Assignment: Nothing outside the lines below from the one containing "Business Skyline Warsaw Warsaw Stock Photo" through the one containing "Women's Nike Embroidered" is to be printed; print those exactly, ends included, and drop the pictures.

Dataset excerpts:
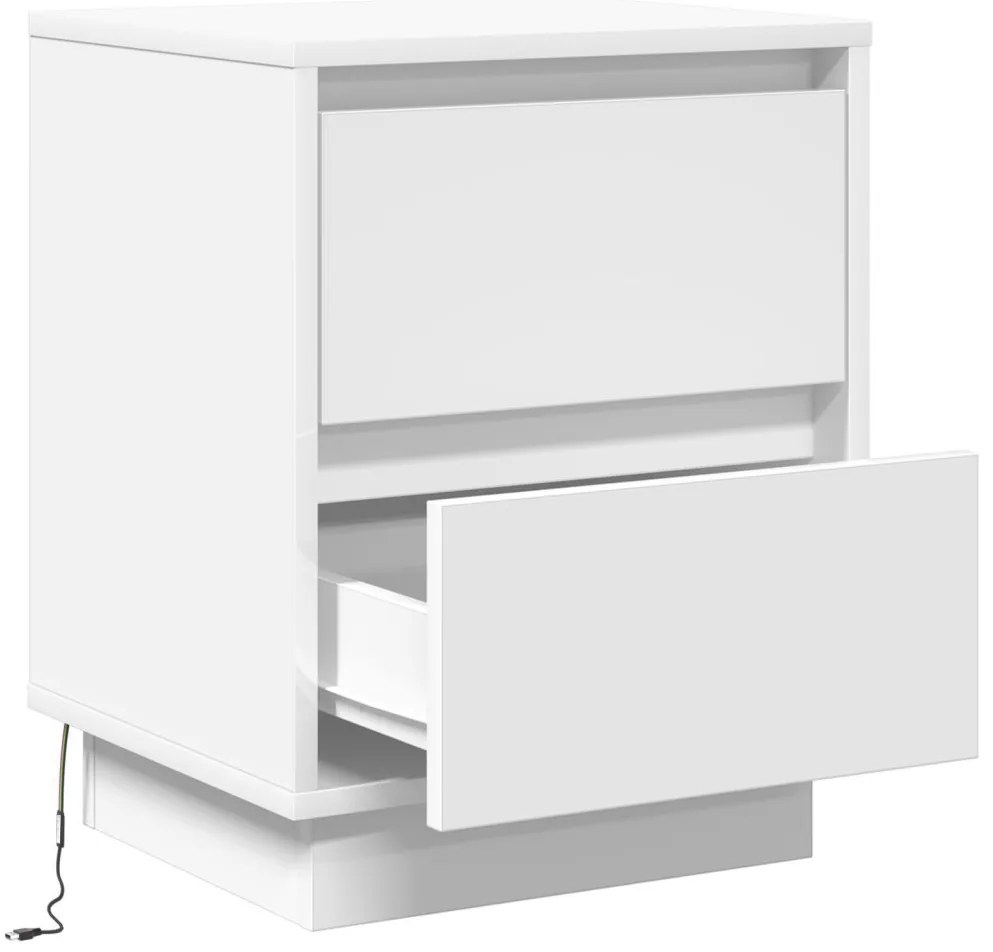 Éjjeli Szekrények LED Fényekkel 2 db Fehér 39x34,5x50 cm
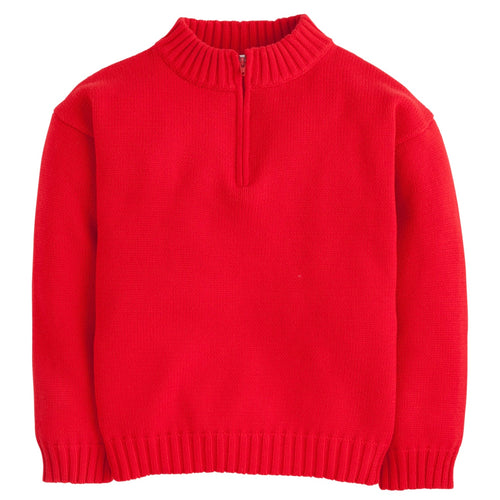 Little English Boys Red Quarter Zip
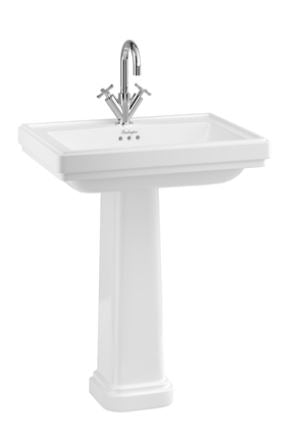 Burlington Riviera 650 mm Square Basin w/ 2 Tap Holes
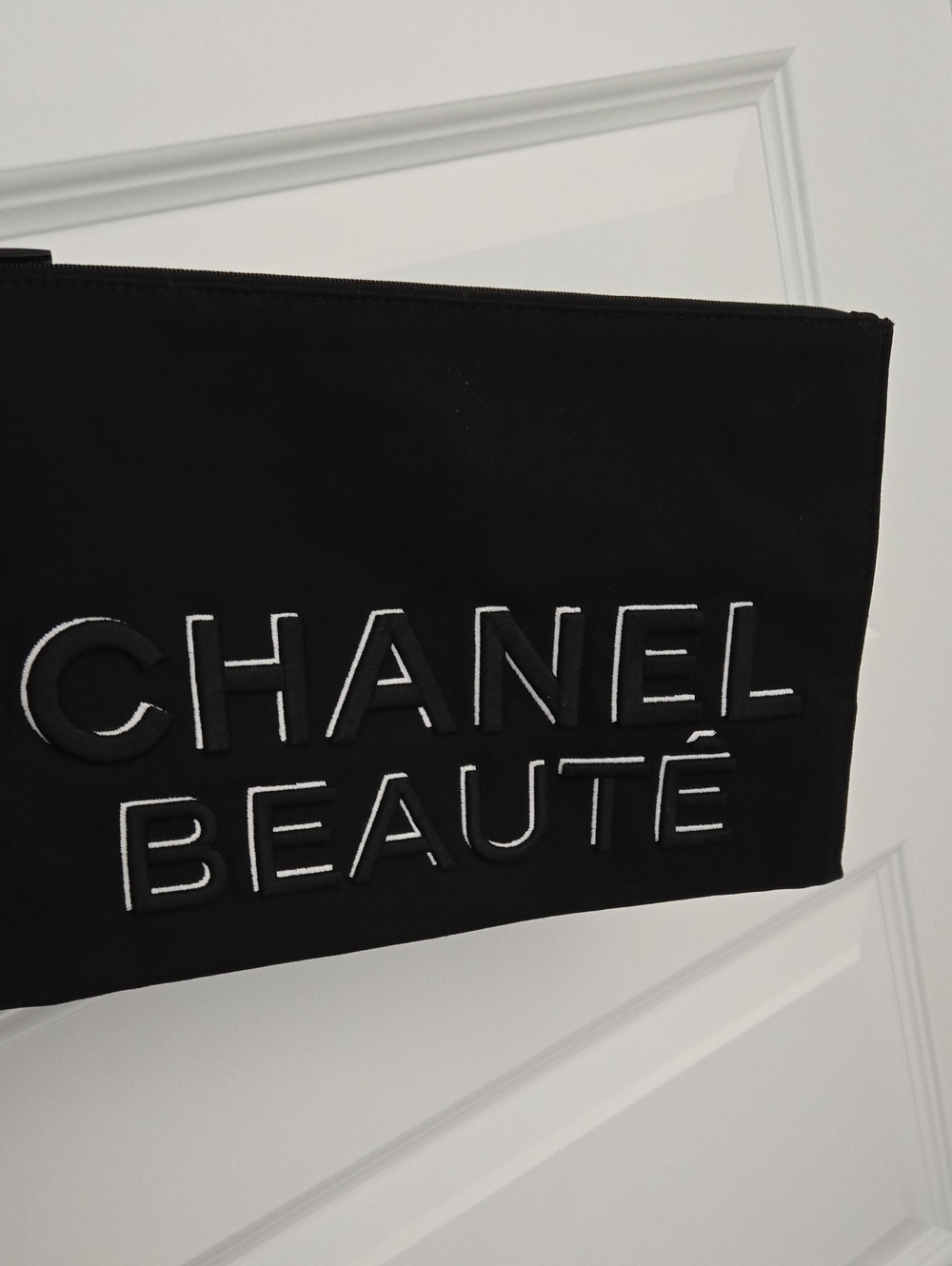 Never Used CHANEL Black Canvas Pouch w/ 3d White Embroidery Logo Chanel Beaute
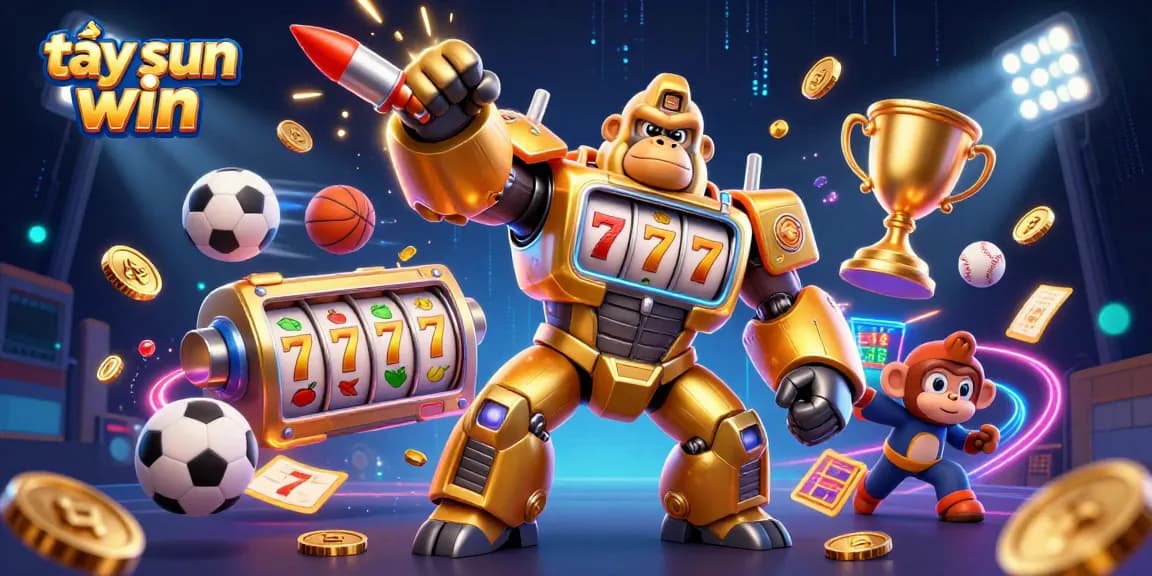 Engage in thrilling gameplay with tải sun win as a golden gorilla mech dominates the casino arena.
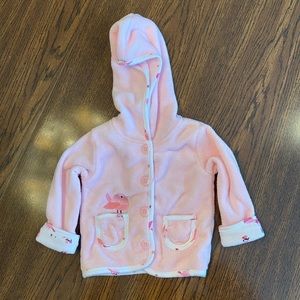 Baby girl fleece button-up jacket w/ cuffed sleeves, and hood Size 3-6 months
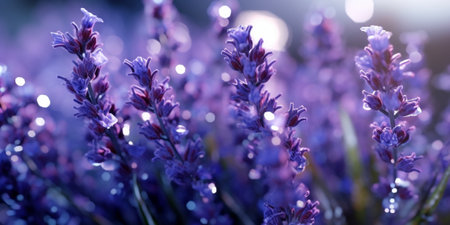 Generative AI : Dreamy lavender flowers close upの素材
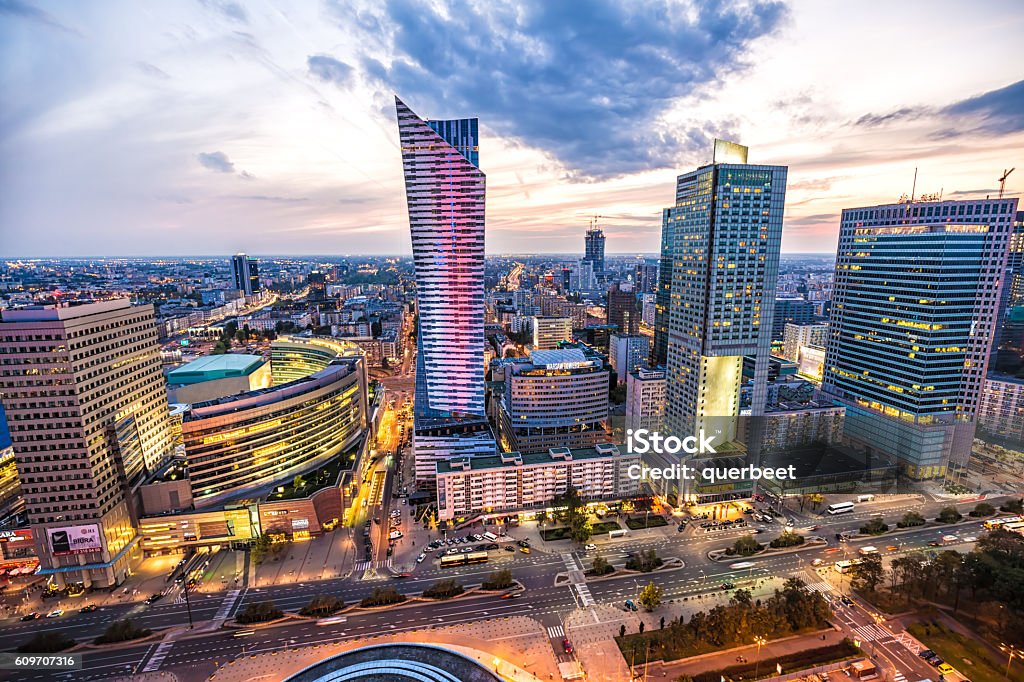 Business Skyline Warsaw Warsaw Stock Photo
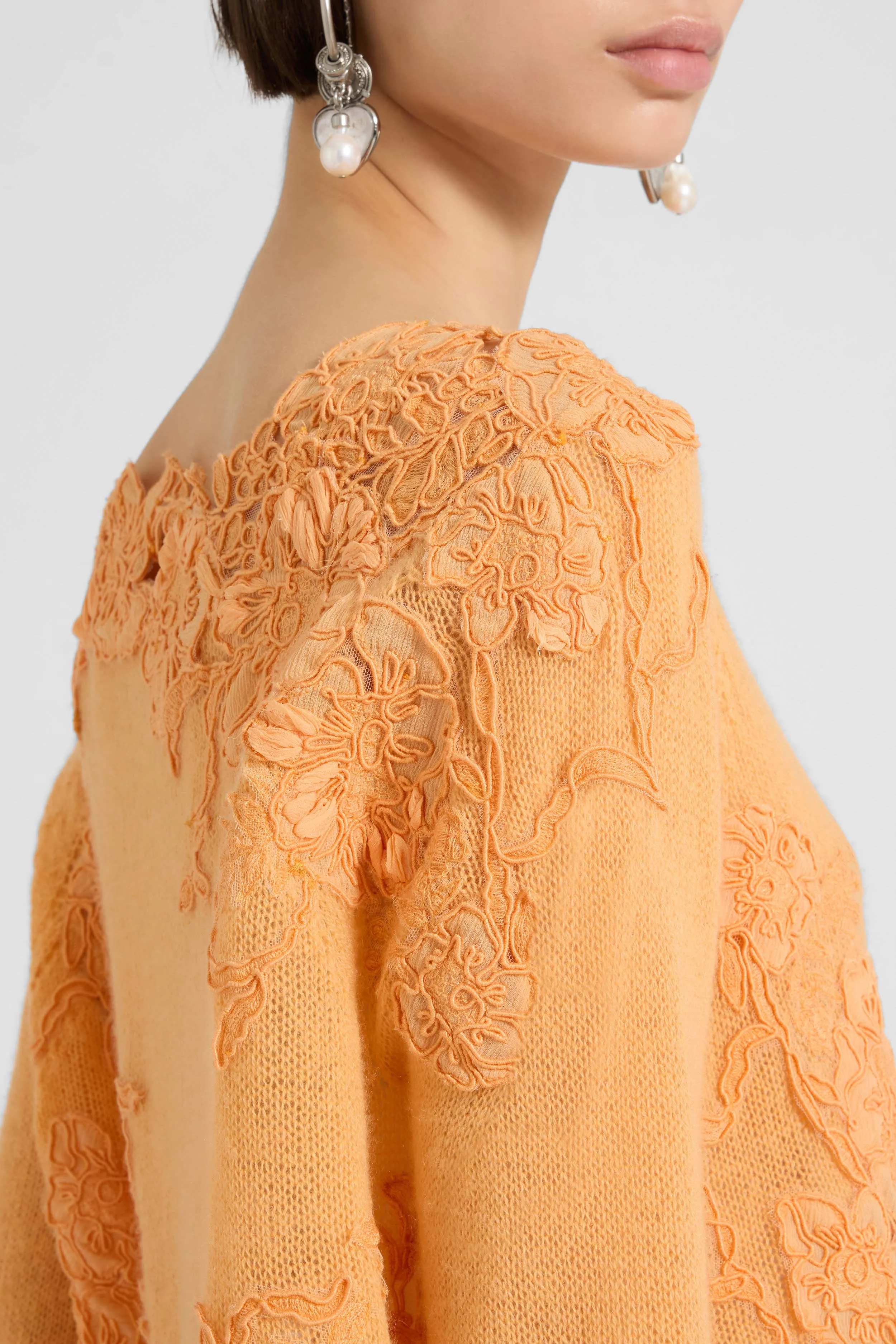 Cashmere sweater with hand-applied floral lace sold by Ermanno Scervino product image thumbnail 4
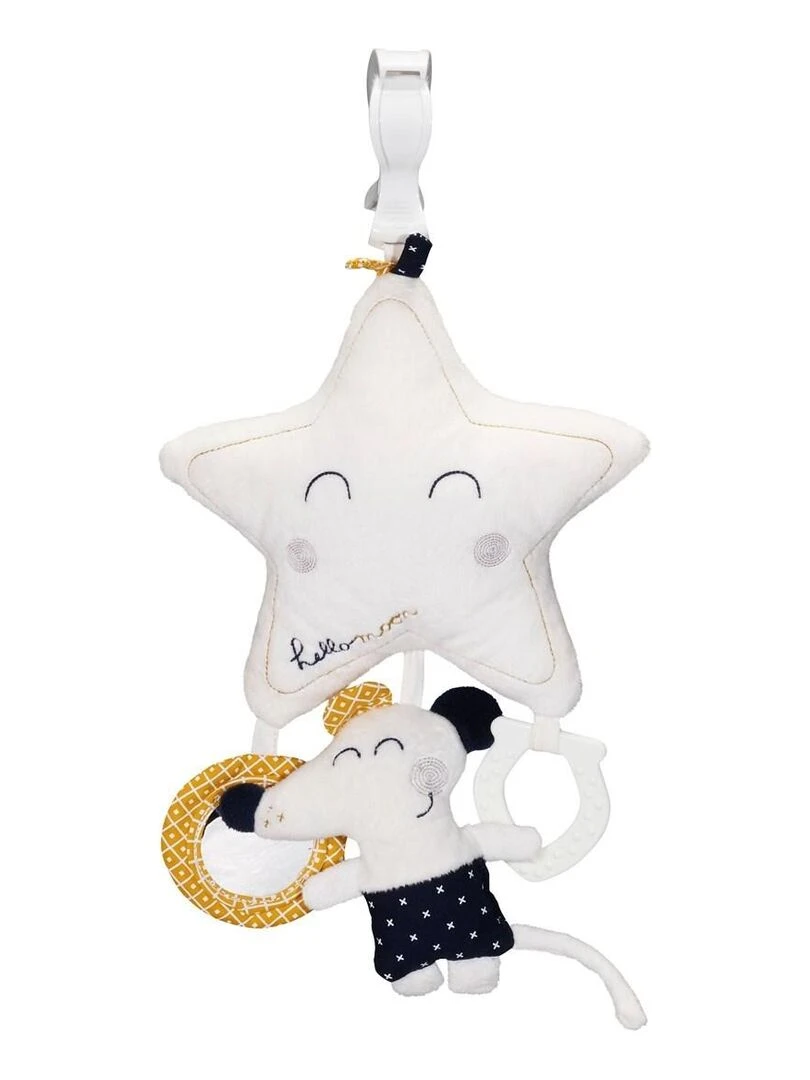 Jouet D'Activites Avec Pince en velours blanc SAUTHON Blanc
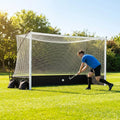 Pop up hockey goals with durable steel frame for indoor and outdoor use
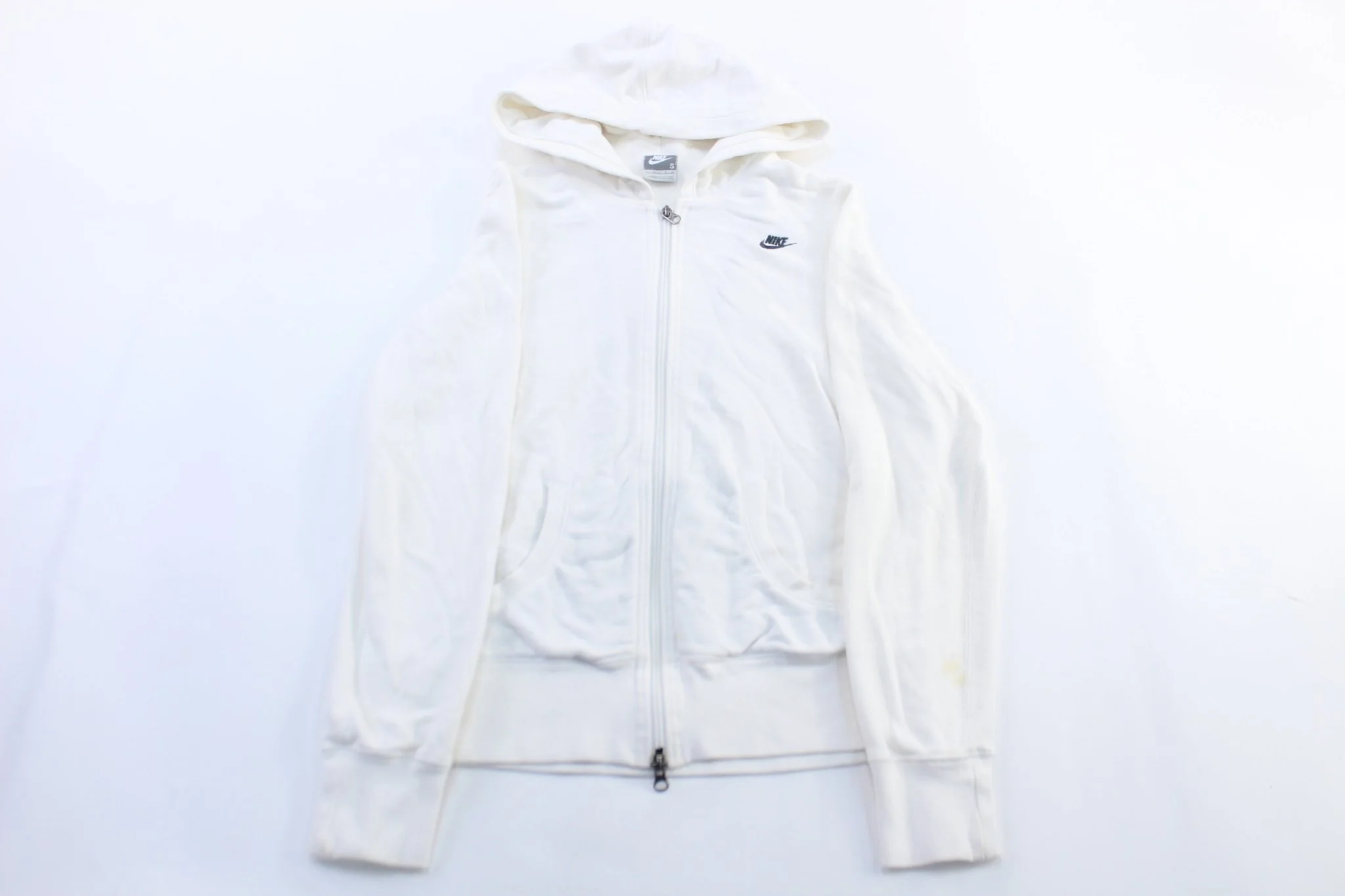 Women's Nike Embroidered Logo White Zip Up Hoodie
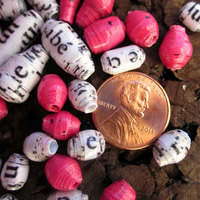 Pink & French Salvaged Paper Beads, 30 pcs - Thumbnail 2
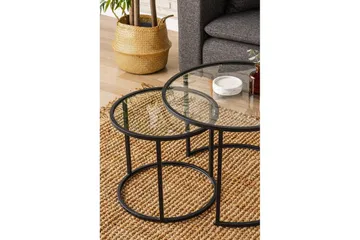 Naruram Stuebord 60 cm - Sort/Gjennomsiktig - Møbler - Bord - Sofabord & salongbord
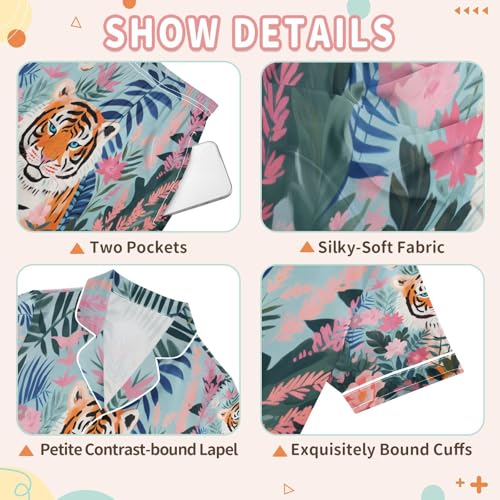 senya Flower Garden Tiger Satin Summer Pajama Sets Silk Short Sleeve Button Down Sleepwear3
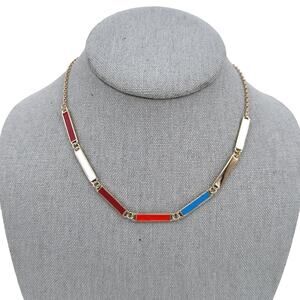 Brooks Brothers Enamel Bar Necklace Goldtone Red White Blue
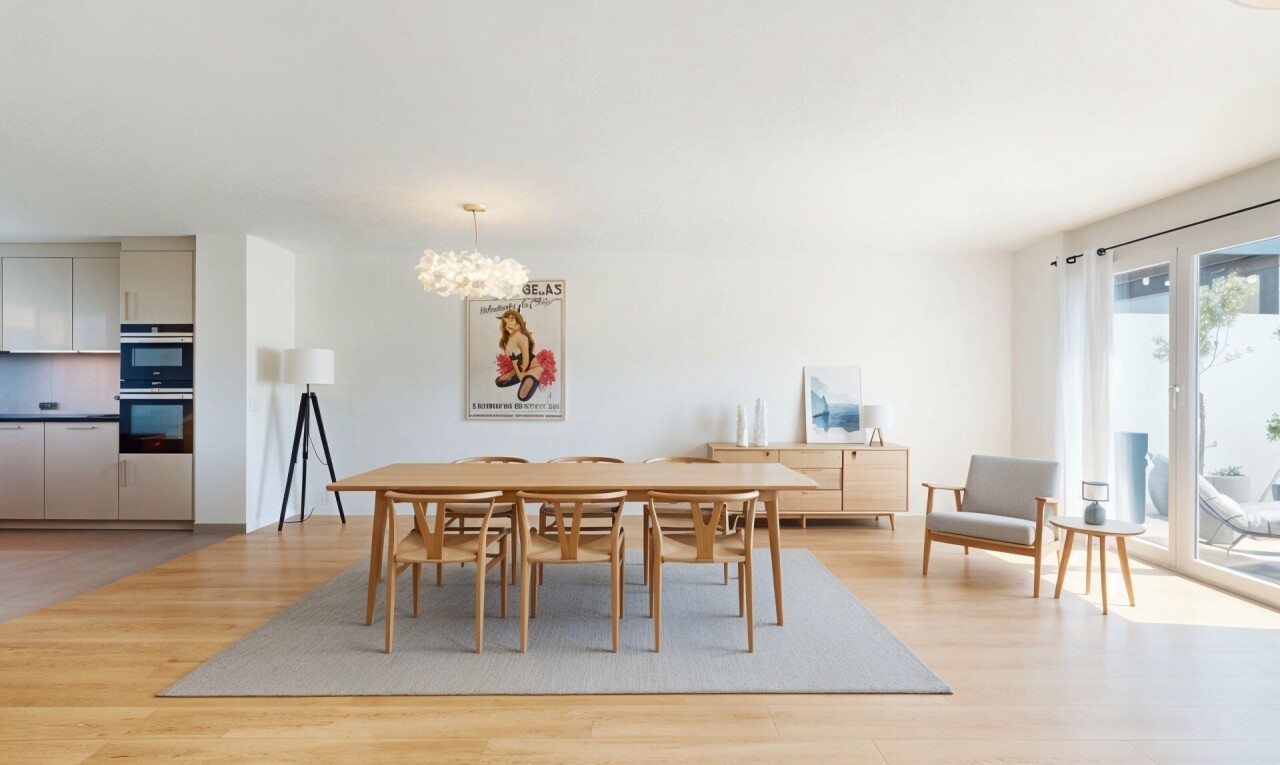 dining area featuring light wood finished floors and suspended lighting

Response area:
 Business Skyline Warsaw Warsaw Stock Photo
 Cashmere sweater with hand-applied floral lace sold by Ermanno Scervino product image thumbnail 4
 Jouet D'Activites Avec Pince en velours blanc SAUTHON Blanc
 Pop up hockey goals with durable steel frame for indoor and outdoor use
 Women's Nike Embroidered Logo White Zip Up Hoodie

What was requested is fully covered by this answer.